Information supplied Block Start
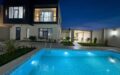 Merdekanda 5 Sotda Yeni Eshyali Modern Villa Satilir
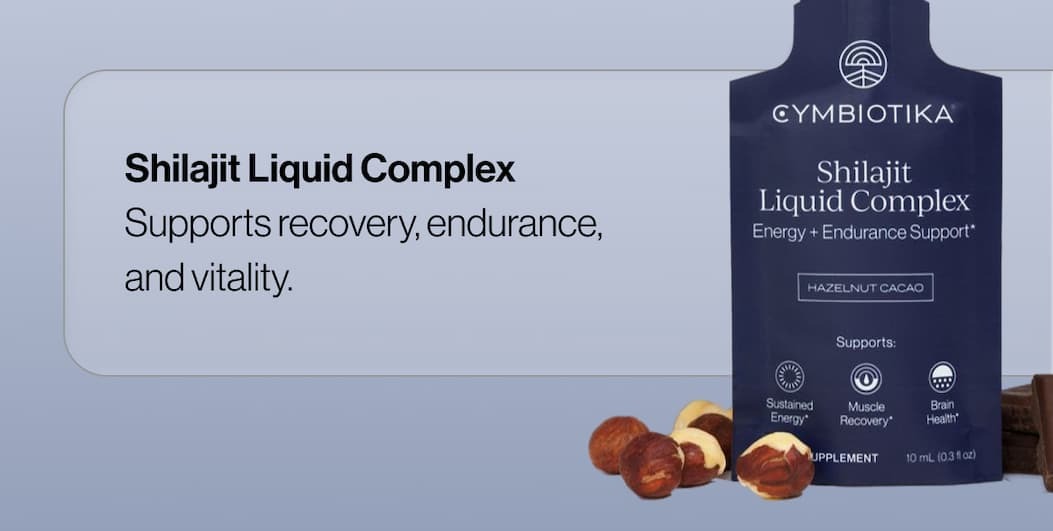 Shilajit Liquid Complex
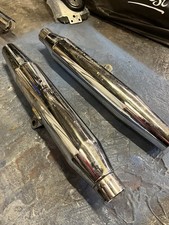 Sportster end cans for sale  NORTHWICH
Information supplied Block End
Would you mind transcribing the material exactly, without the pictures?

 Merdekanda 5 Sotda Yeni Eshyali Modern Villa Satilir
 Shilajit Liquid Complex
 Sportster end cans for sale  NORTHWICH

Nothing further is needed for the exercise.